PENSAMENTO PLURAL Carta apócrifa sobre os malefícios do quiproquó parlamentar, por Palmarí de Lucena

Nesta carta apócrifa, um servidor aposentado denuncia o teatro farsesco do Parlamento brasileiro, onde congressistas trocam a Constituição por conchavos e o mérito por nepotismo. O quiproquó legislativo vira metástase institucional, mascarando interesses escusos com discursos de governabilidade. A carta conclama à juventude ética que resista, lembrando que o truque não substitui a transformação real. Confira íntegra do texto concebido pelo escritor Palmarí de Lucena…

À Juventude Brasileira que ainda não se vendeu

Estamos assistindo, entre atônitos e resignados, à repetição de um espetáculo burlesco no picadeiro da República, onde congressistas — travestidos de estadistas — encenam farsas com roteiro sempre previsível.
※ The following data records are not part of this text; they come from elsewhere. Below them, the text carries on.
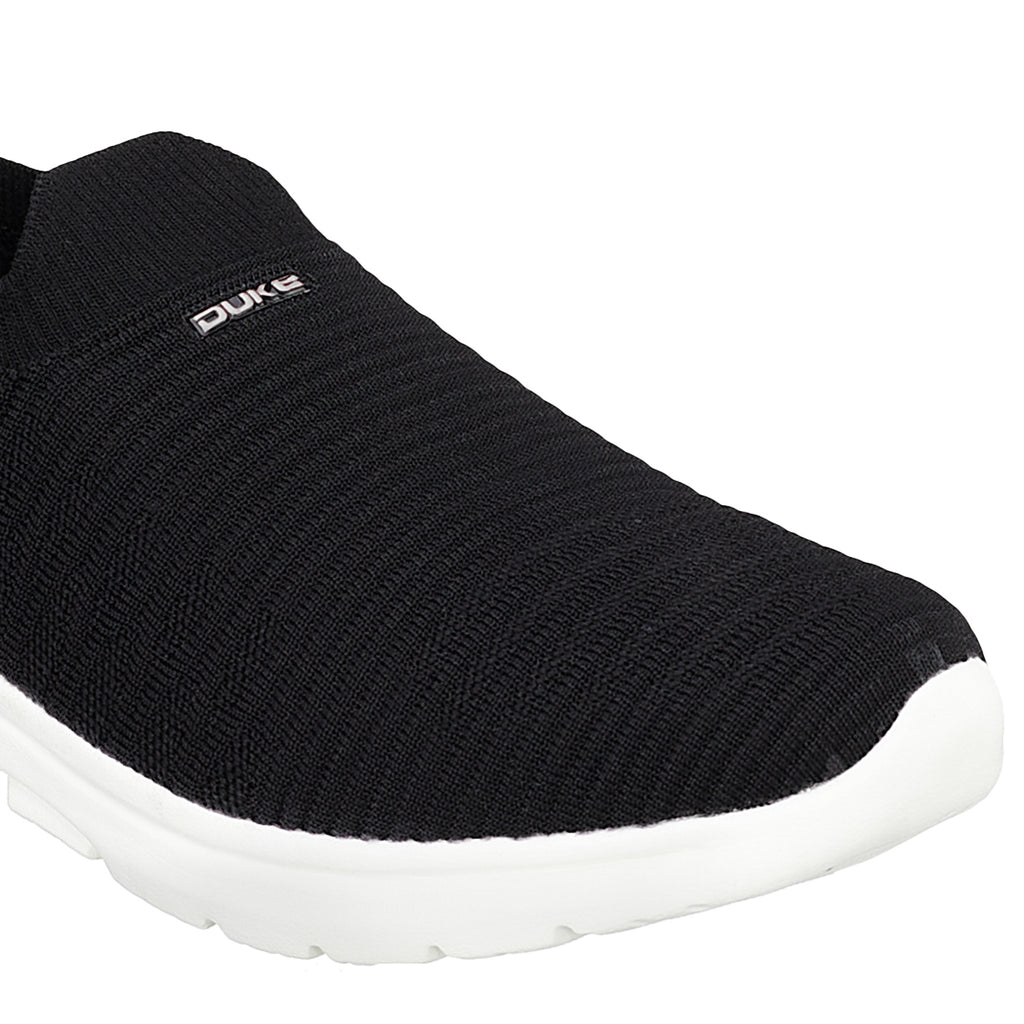 Duke Women Sports Shoes (XLCORE01)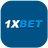 icon 1XBETLive Sports Results Guide(1XBET - Live
) 1.0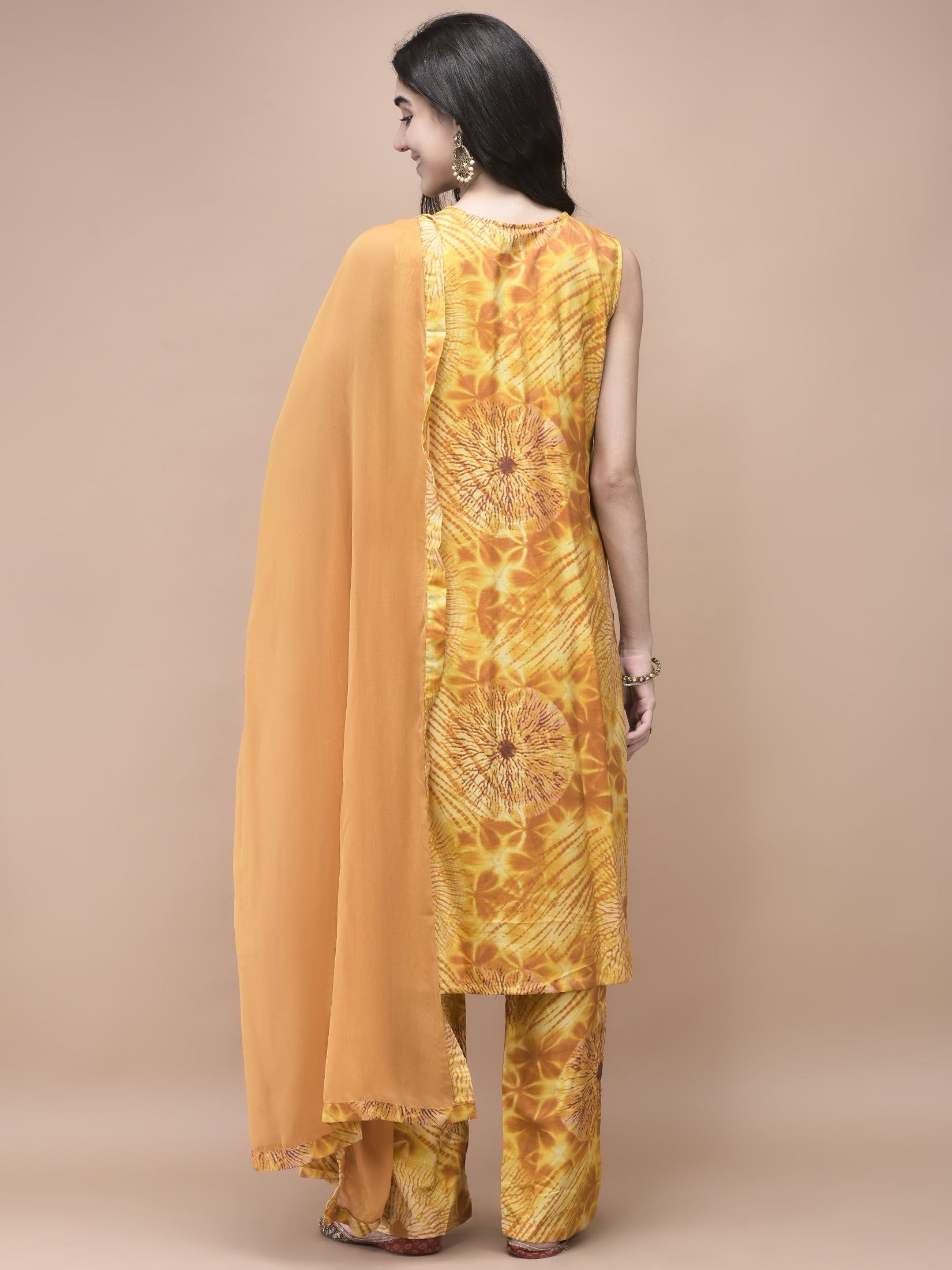 Color_Mustard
São malabaristas de emenda, ventríloquos de gabinetes ocultos e acrobatas da conveniência, que com um sorriso prestativo à câmera e um punhal de conchavos na manga, emparedam os demais poderes da República em nome de uma harmonia tão falsa quanto estratégica.

A velha prática do quiproquó legislativo — a confusão premeditada de interesses públicos com benesses privadas — tornou-se, hoje, a moeda de troca mais valiosa nas votações de interesse do Executivo. Não há mais debates. Há barganhas. Não há mais ideias. Há adendos secretos. Não há mais reforma. Há loteamento. Enquanto isso, os que juraram respeitar a Constituição promovem ataques abertos à impessoalidade, ao concurso público e à técnica administrativa, como se meritocracia e planejamento fossem inimigos da pátria.

Pior ainda: por trás das manobras escusas, insinua-se o projeto de implantar um semipresidencialismo de facto, à revelia da Constituição e dos interesses do povo, conduzido por parlamentares medíocres em substância, mas ágeis em autopromoção. Medíocres esses que chegaram ao poder não por mérito nem por ideias, mas por herança patrimonialista, alianças familiares eternizadas em redutos eleitorais e vínculos subterrâneos com setores que visam apenas preservar privilégios. Esses personagens não representam o povo: representam cartórios eleitorais, velhos coronéis em roupas novas, e interesses corporativos travestidos de bem comum.

Blindados por mandatos sucessivos e por acordos de ocasião, tomam para si as rédeas da máquina pública, suprimindo, pouco a pouco, a independência entre os Poderes e entregando à extrema-direita o palco para a consolidação de uma ditadura legislativa disfarçada de normalidade democrática.

Sêneca, com a sabedoria dos séculos, já alertava: “Vê aqueles que louvam o poder? São inimigos, ou podem sê-lo.” Mas nossos tribunos contemporâneos, blindados por assessorias jurídicas e por lobbies regionais, seguem de olhos vendados e ouvidos fechados, tão fiéis à lógica do fisiologismo quanto à reeleição em série.

Munidos de um kit político de sobrevivência, recheado de manobras regimentais, verbas disfarçadas de patriotismo e blindagens articuladas nos bastidores, constroem pontes para si mesmos enquanto dinamitam os pilares do serviço público profissionalizado. O concurso, esse instrumento democrático que garante a inclusão de brasileiros de todas as origens nos quadros do Estado, é tratado por muitos parlamentares como uma ameaça à sua clientela. Preferem os cargos de confiança, os apadrinhados, os que se curvam por gratidão — não por competência.

Aos cientistas, servidores concursados, professores e agentes da lei, restam as agressões veladas e os cortes orçamentários. É a revanche dos medíocres contra os qualificados. A vitória dos que se elegem com marketing sobre os que servem com ética. E a transformação da política em uma arte de iludir — não de servir.

Mas deixemos claro: o quiproquó, quando se instala como norma no Parlamento, vira metástase institucional. Um câncer sorridente, que esconde sua letalidade atrás de acenos à governabilidade. E que, quando não contido, termina por sufocar os próprios pulmões democráticos da Nação.

Reescrever o pacto republicano exige coragem para desmontar essa engrenagem de trocas e omissões. E exige memória: para que o povo não confunda, outra vez, truques de mágica com transformação real.

Um Concursado Aposentado que Viu a República Ser Loteada.